Punjab State Election Commission is an autonomous and statutory body constituted in Indian state of Punjab for ensuring that elections are conducted in free, fair and unbiased way. Constitution of India with provisions as per Article 243K and 243 ZA and Article 324 ensures creation and safeguarding of the powers of State Election Commissions. Punjab State Election Commission is responsible for conducting elections for Urban Local Bodies like Municipalities, Municipal Corporations, Panchayats and any other specified by Election Commission of India. Punjab State Election Commissioner is appointed by Governor of Punjab.
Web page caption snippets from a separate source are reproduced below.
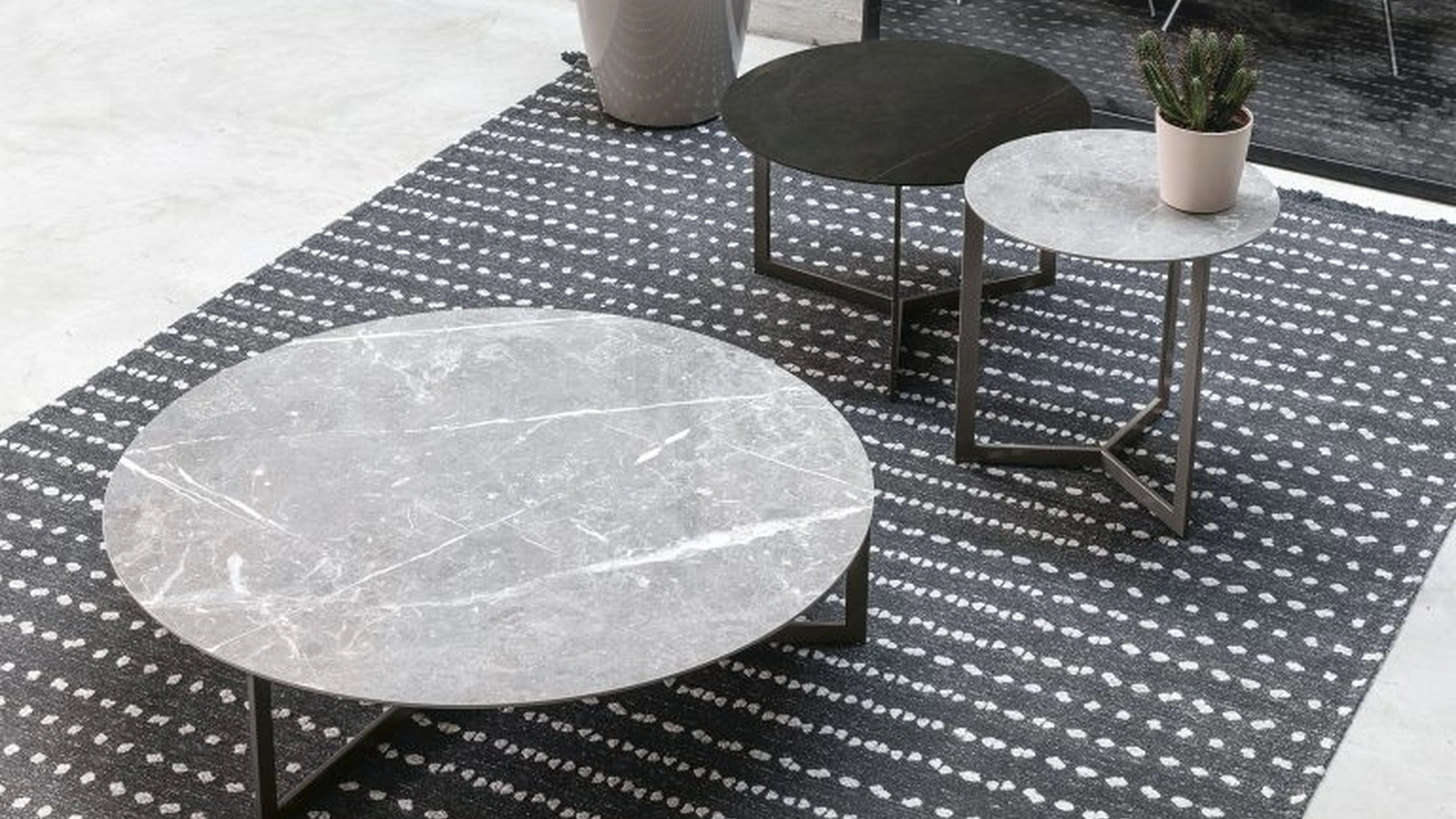 Tavolino Joy Gres con top in gres diverse finiture di Tomasella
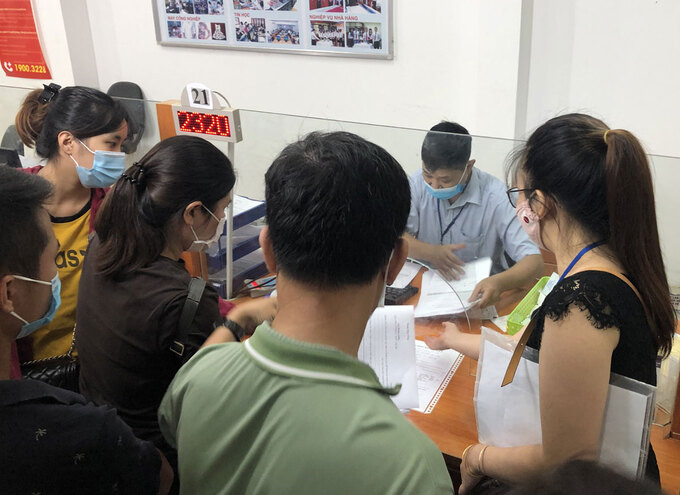 Gần 60.000 người ở Hà Nội đăng ký hưởng trợ cấp thất nghiệp - Ảnh 1.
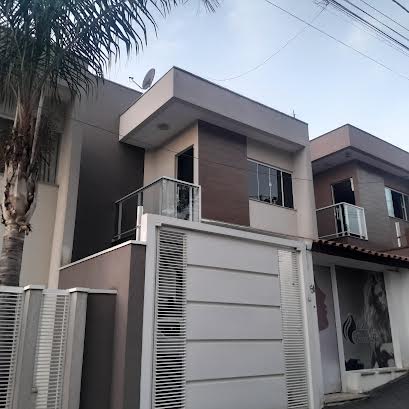 VENDE-SE BELÍSSIMA CASA
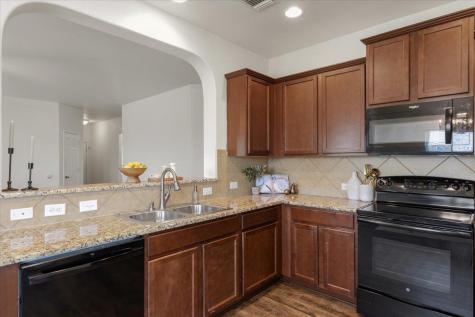 300 Nueces River Trail Hutto TX 78634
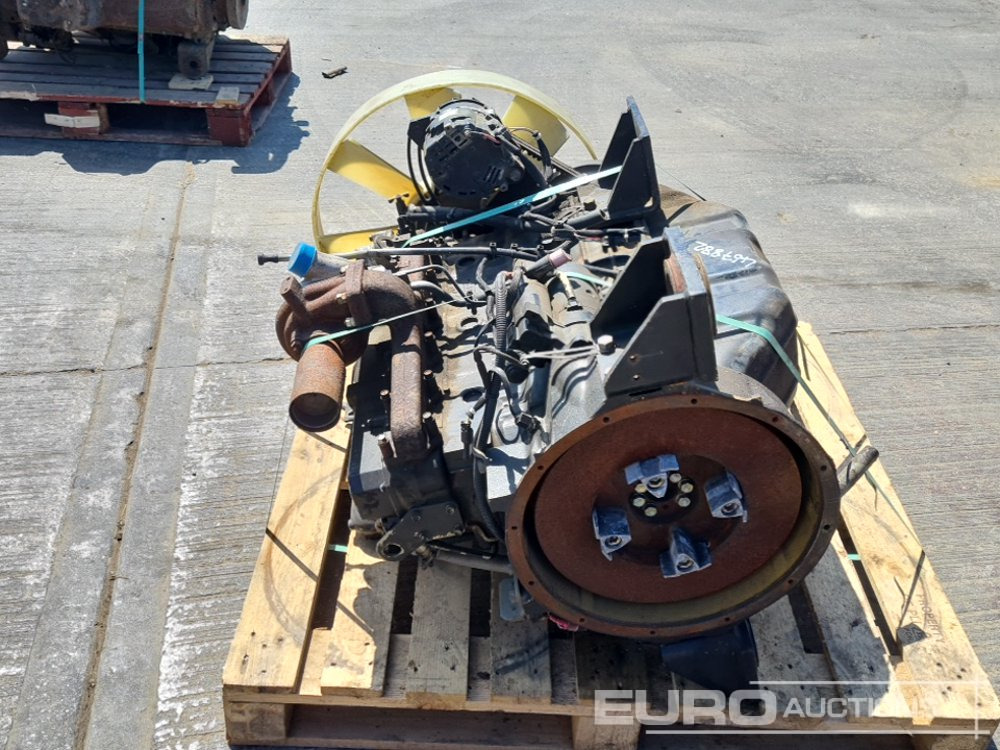 Mitsubishi 6 Cylinder Engine - Motor: obrázok 4 Mitsubishi 6 Cylinder Engine - Motor: obrázok 4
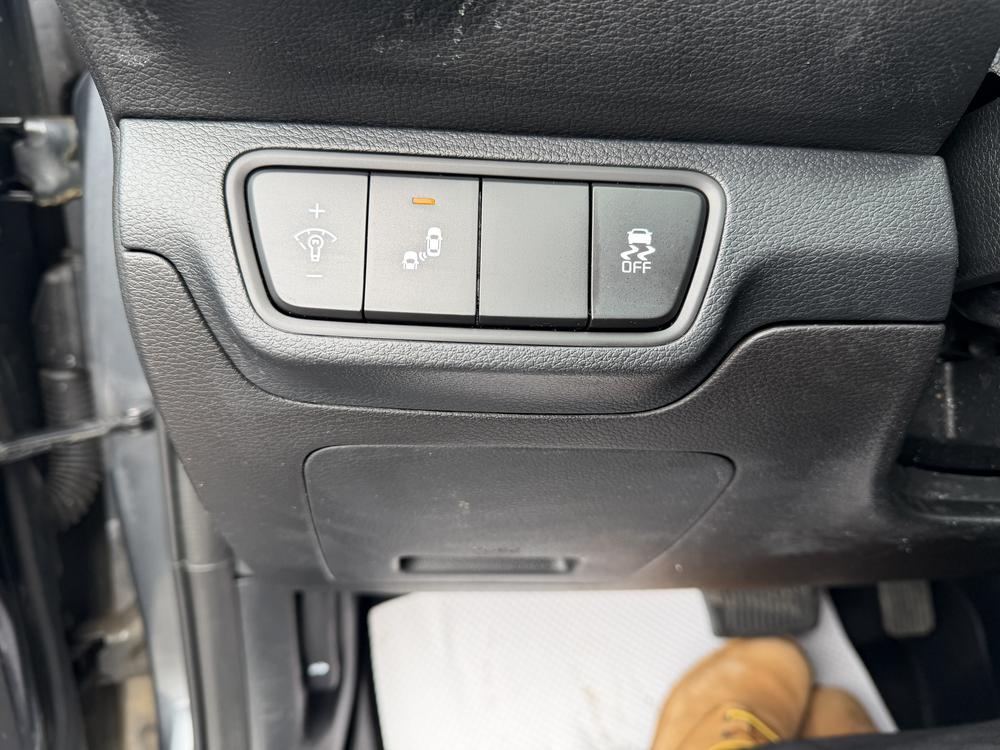 Kia Forte 2024 Gris usage à vendre Kia Forte 2024 Gris usage à vendre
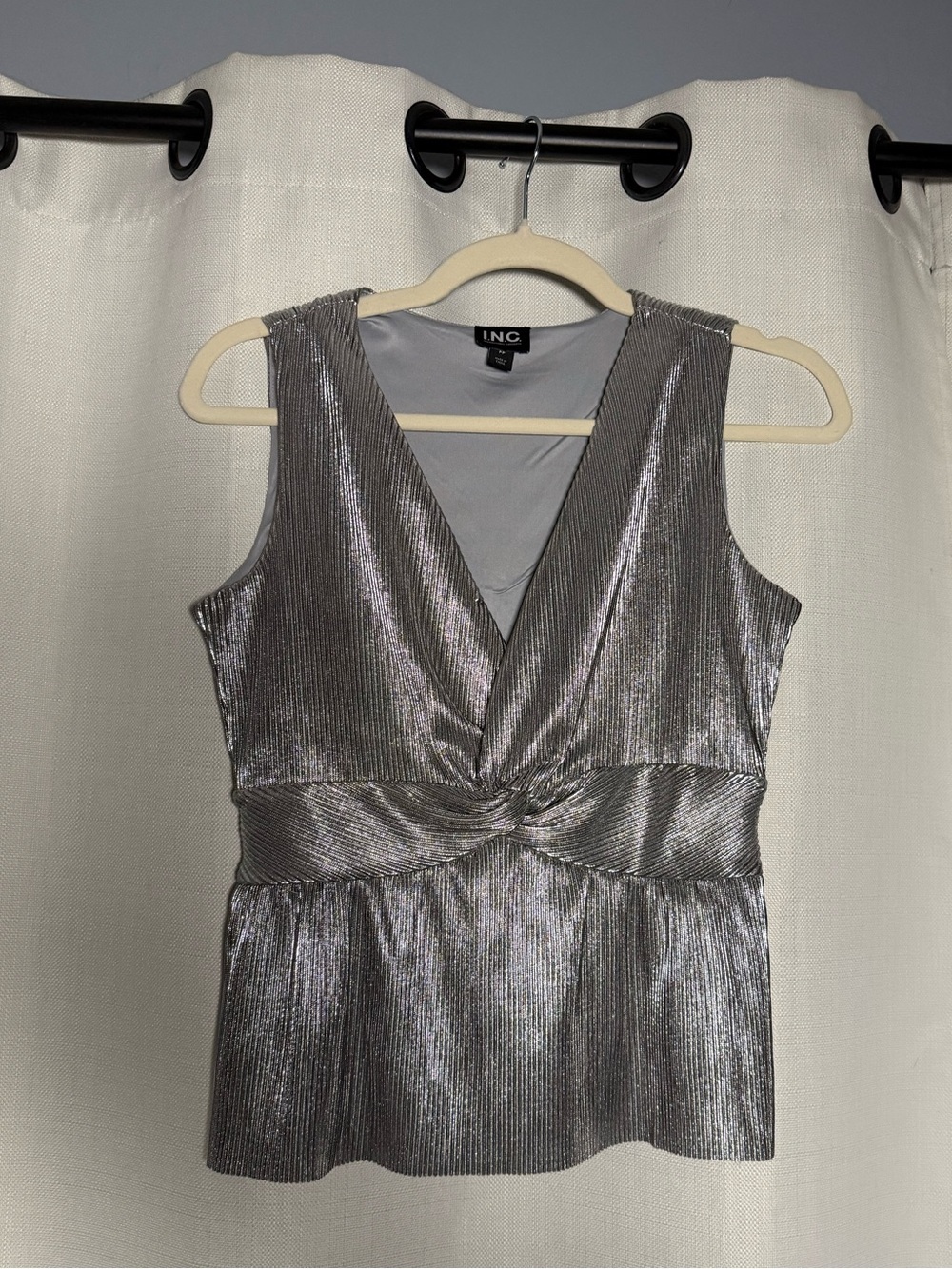 I.N.C. Silver Metallic Twist Plunge Pleated Sleeveless Top Size Petite Small - Picture 2 of 7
== History and Administration ==

Punjab State Election Commission was formed in accordance with powers of Election Commission of India, which was constituted in year 1950 to supervise state level elections. State election commissioner is appointed by Governor. To ensure the autonomy of the position, the Goa state election commissioner cannot be removed from office except on the grounds and manner specified for judge of High Court.

Punjab State Chief Electoral Officer S Karuna Raju held review meeting for preparation of State Wide Assembly polls in year 2022.

== Powers and Responsibilities ==

Punjab States Election Commissioner is responsible for the following:

- Issue notification containing guidelines for conducting elections for Municipal Corporations in State.
- Conducting elections for Municipal Corporations in State.
- Issue notification containing guidelines for conducting elections for conducting elections for Municipal panchayats in State.
- Conducting elections for Municipal panchayats in State
- Laying guidelines for persons eligible to contest in elections for Municipal Corporations in State.
- Conducting elections for Municipal panchayats in State.
- Model code of conduct are following in elections for local bodies.
- Updating Electoral rolls with new additions
- Updating Electoral rolls with removals, if any.
- Declaration of results of elections held for Municipal Corporations in State.
- Declaration of results of elections held for Municipal panchayats in State.
- Ordering repoll if needed.
- Making arrangements for Statewide polls.

== Composition ==

Punjab State Election Commission is headed by Chief Electoral Officer and as many members as specified in State Act. State Election Commissioners are independent persons not holding position or office in any Central or State Government organisations

Dr S Karuna Raju is the Chief Electoral Officer of Punjab. His period of service will be 5 years or attaining an age of 65 years whichever is earlier.

== Constitutional Requirements ==

Punjab State Election Commission was formed after amendment of Constitution with 73rd and 74th declaration. State Election Commissions were formed as per Article 243K of the Constitution, similar to setting up of Election commission of India as per Article 324.